Nascono quasi come pellicole da cineforum, certi film. Hanno una forza umile di non-capolavori eppure ci fanno indugiare su riflessioni e parole della nostra vita quotidiana. È così per Monsieur Lazhar (Philippe Falardeau, Canada, 2011), ambientato in una scuola elementare di Montrèal e prodigo di spunti per pensare. E ripensare all’importanza dinamica delle relazioni a scuola.Per i giovani hanno più valore i contenuti trasmessi o le pratiche di relazione che si creano? Ha più importanza quello che diciamo o quello che facciamo con loro?
In un Canada sposato al politicamente corretto e generoso di diritti per tutti, manca quello che nei diritti non ci sarà mai: la possibilità di accostarci all’altro senza provocargli dolore. Il film, ricco di questi temi e farcito delle molte paure che accompagnano l’azione pedagogica, arriva a interrogarsi sulle conseguenze della contaminazione culturale.
In sala prof. la diversità di Bachir Lazhar, immigrato dall’Algeria, lo espone alla curiosità di una collega che, in buona fede, crede che le culture possano sedersi a tavola e condividere anche le buone maniere. La presidenza è occupata dal super realismo di una brava direttrice simpatica; l’insegnante di ginnastica è disposto a “degradarsi” ed essere considerato un cretino che fischia agli alunni in corsa piuttosto che gridare al mondo che la ginnastica dovrebbe celebrare il corpo e l’agonismo è una guerra fatta per gioco.

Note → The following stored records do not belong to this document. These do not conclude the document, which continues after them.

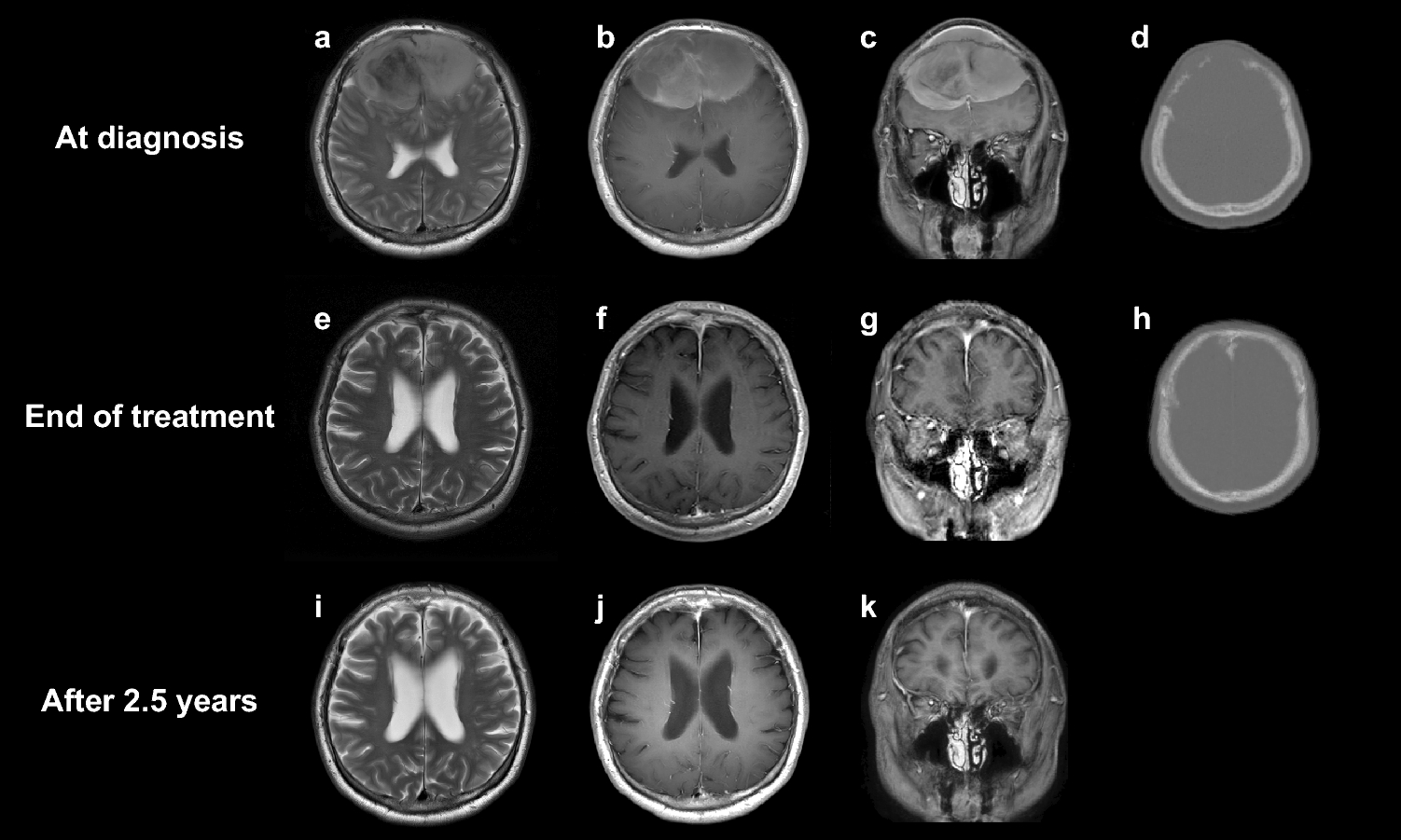 Diffuse large B-cell lymphoma of the skull vault
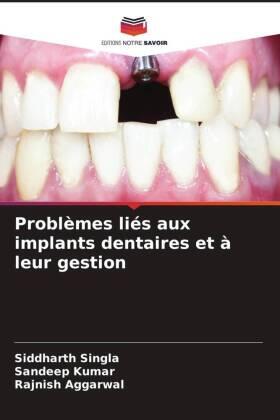 Singla / Kumar / Aggarwal |  Problèmes liés aux implants dentaires et à leur gestion | Buch |  Sack Fachmedien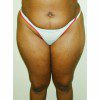 Liposuction 5 Before Photo Thumbnail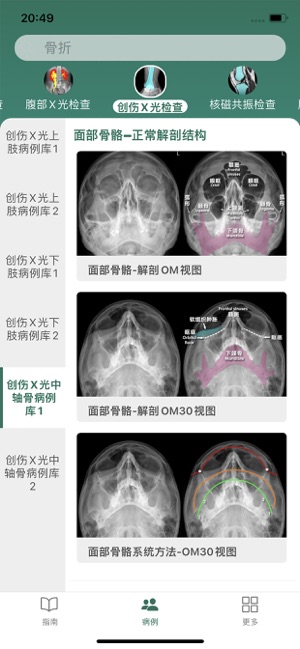 影像圖譜iPhone版截圖3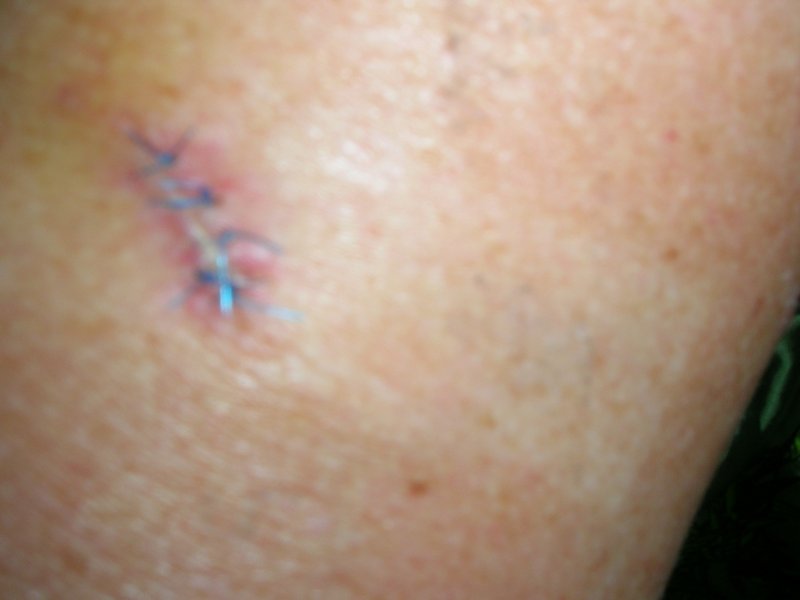 Blue stitches in my arm. Cute ha?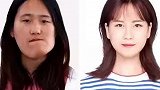 歪脸女孩蜕变后，不愿成为网红只想成为一名教师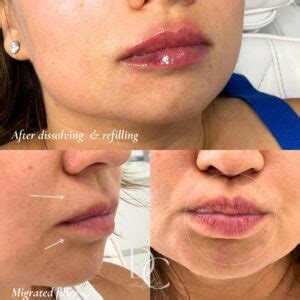 Lip Filler Migration What Does Migrated Lip Filler Look Like Dc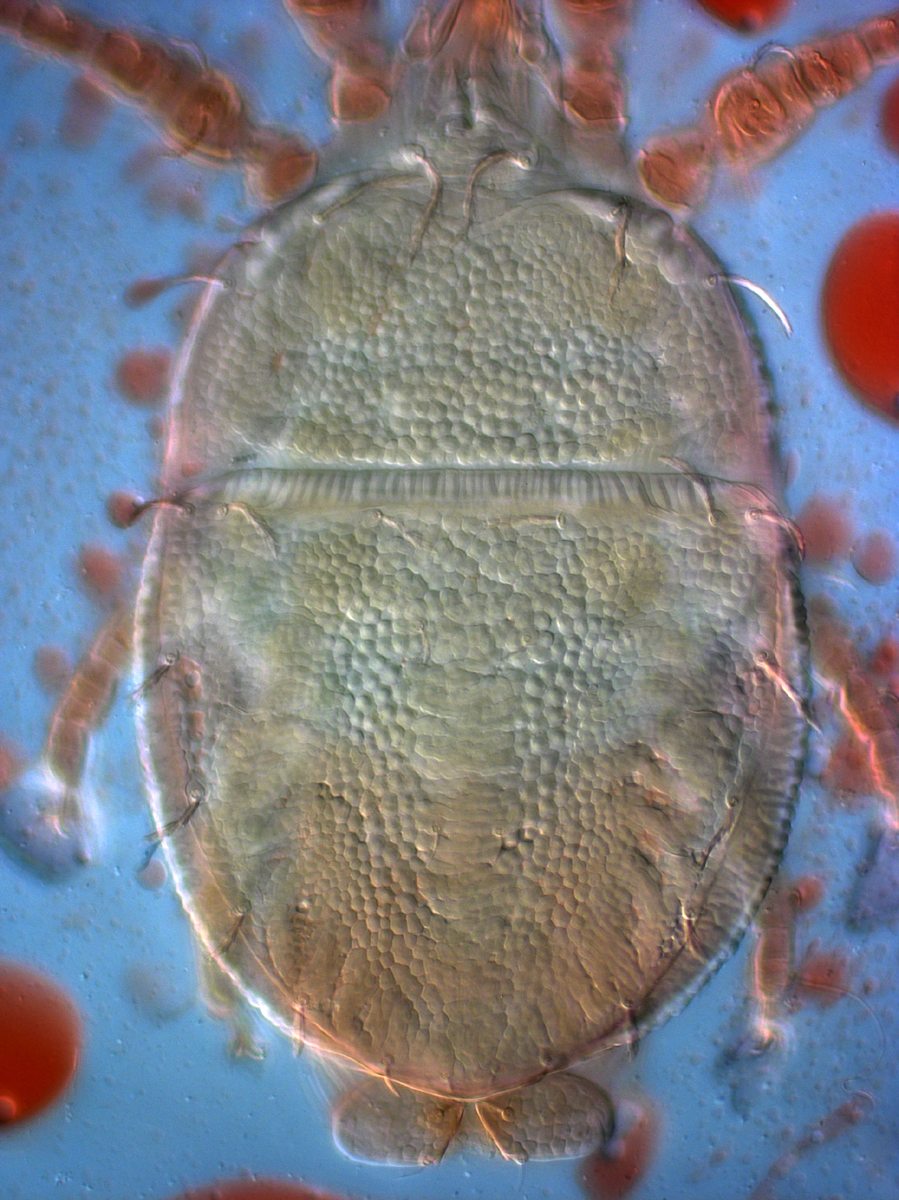  Fig. 2.  Cenopalpus spinosus  adult female dorsum
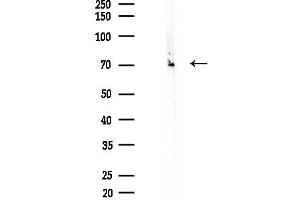 Western blot analysis of lysates from A2780 cells(UV,30 min treatment), using Phospho-CD50/ICAM-3 (Ser518) Antibody at 1/1000 dilution.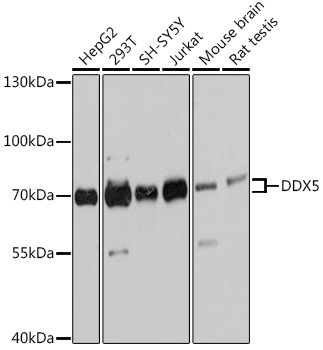 Anti-DDX5 Antibody (CAB13294)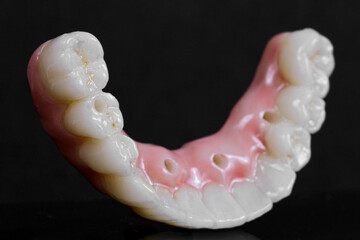 dental prosthesis veneers implant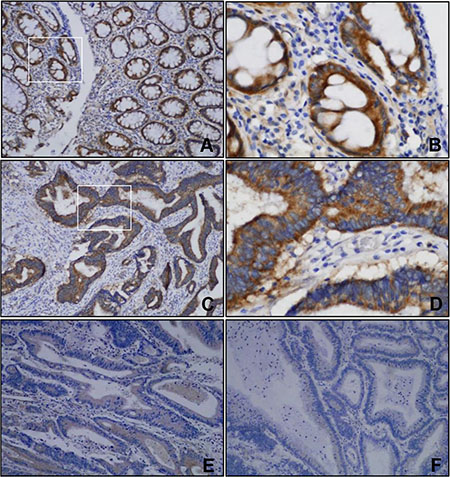 Representative images of immunohistochemical staining of FILIP1L.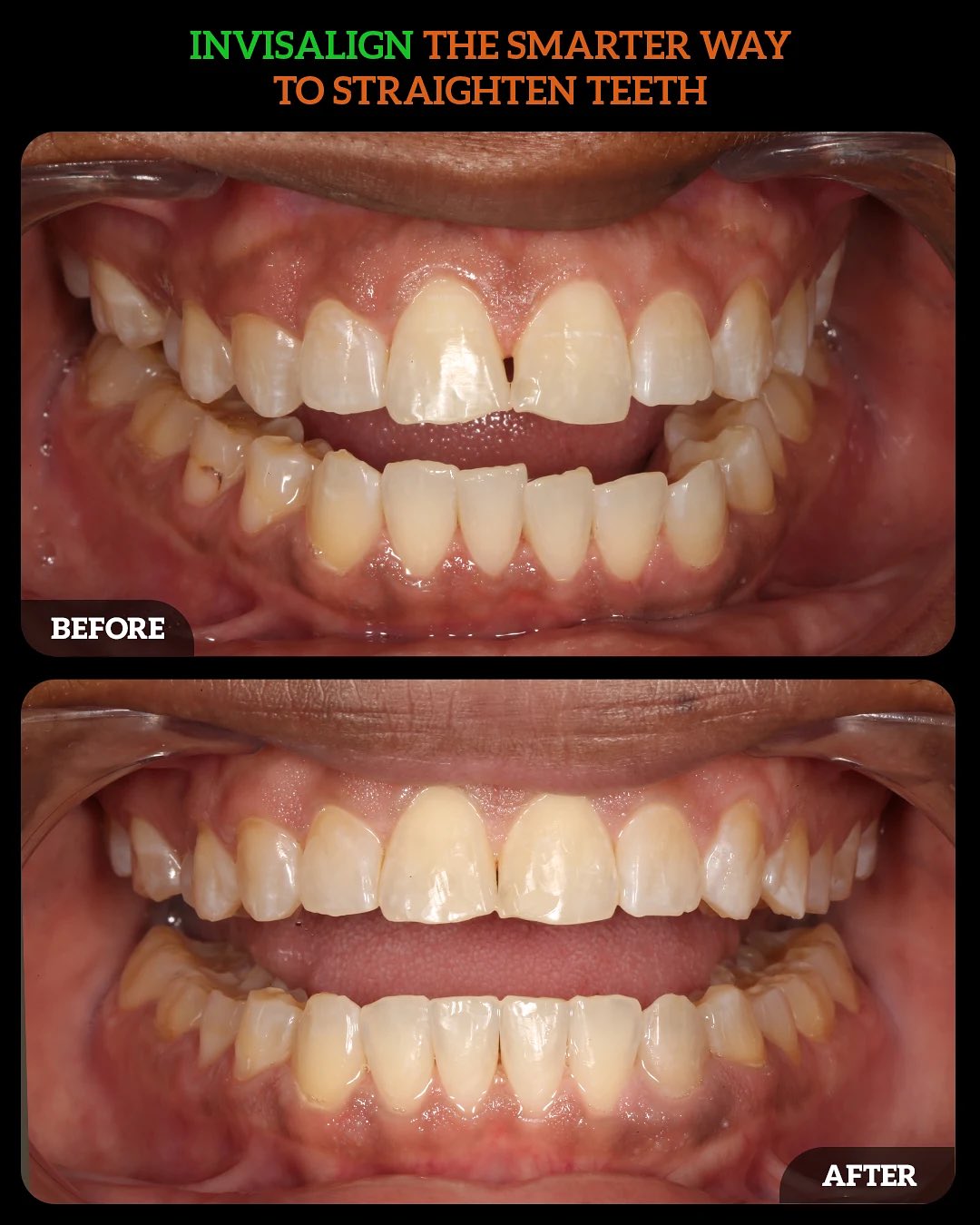 559281275_18536003296010625_7207072805195366148_n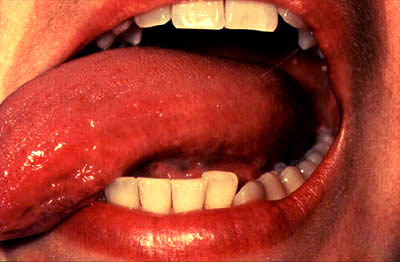 Photograph of examination of the tongue left margin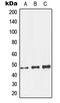Glucosaminyl (N-Acetyl) Transferase Family Member 7 antibody, LS-C353636, Lifespan Biosciences, Western Blot image 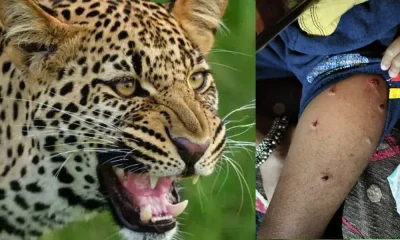Leopard attack on girl
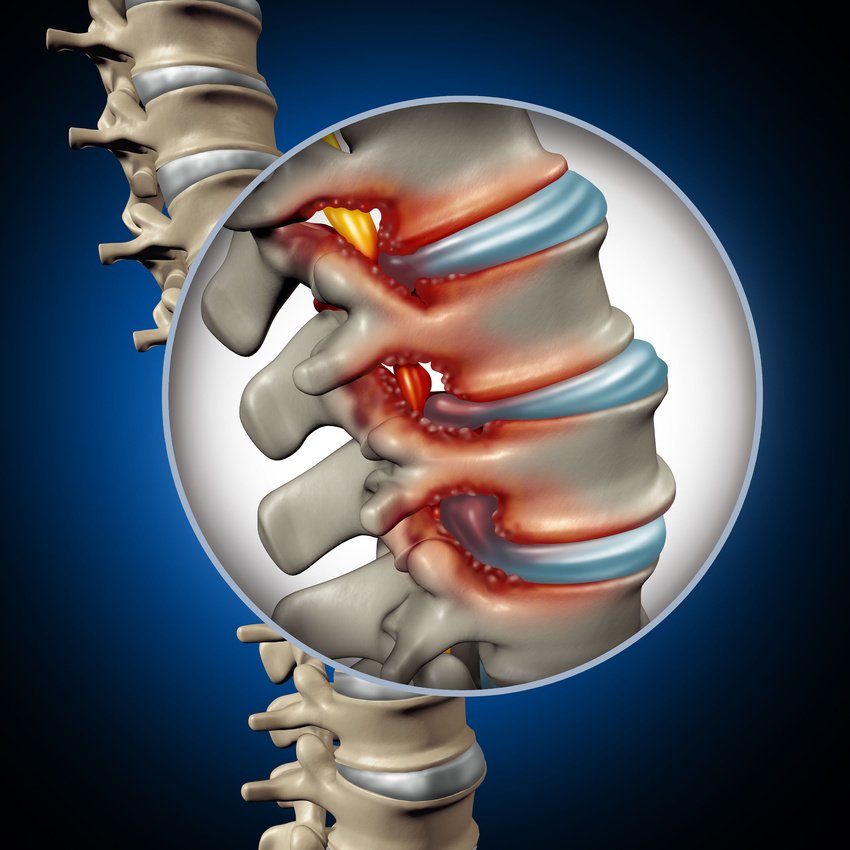 Spinal Spinal Compression Care Holton, KS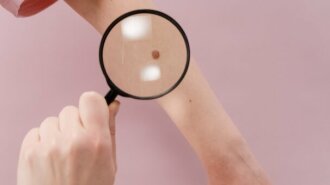 Как самостоятельно обнаружить меланому кожи: ответ дерматоонколога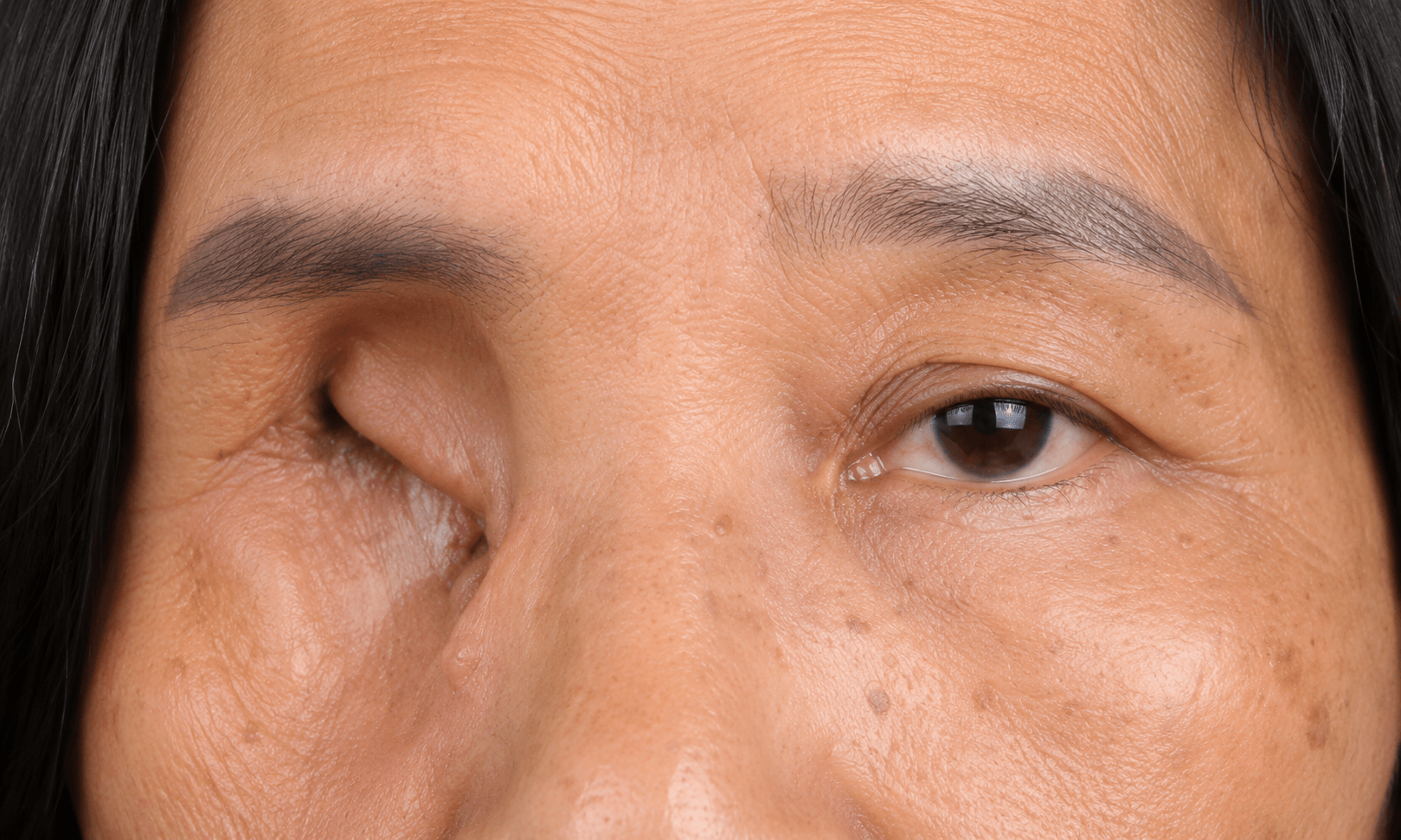 Mắt biến dạng do chấn thương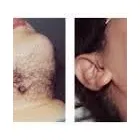 Entreprises 8 image COMFORT BLEND ELECTROLYSIS Hair Removal Services dans Peterborough ON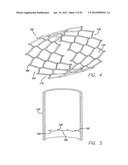 MODULAR GRAFTING SYSTEM AND METHOD diagram and image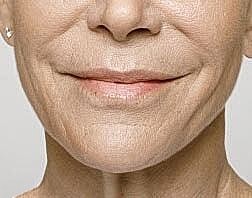 Lip Filler Before & After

Lo straniero scardina un po’ di equilibri composti, è portatore di una storia intima dolorosa ma ambigua. Il bambino coprotagonista è portatore di una storia dolorosa ma ambigua. Alice, la bambina-adulta, cerca di salvare sia il dolore che l’ambiguità di entrambi: accoglie il nuovo maestro, perdona il compagno. Tutti riflettono sulla perdita, e soprattutto ci accompagnano a riflettere su quel che ci si può perdere per strada.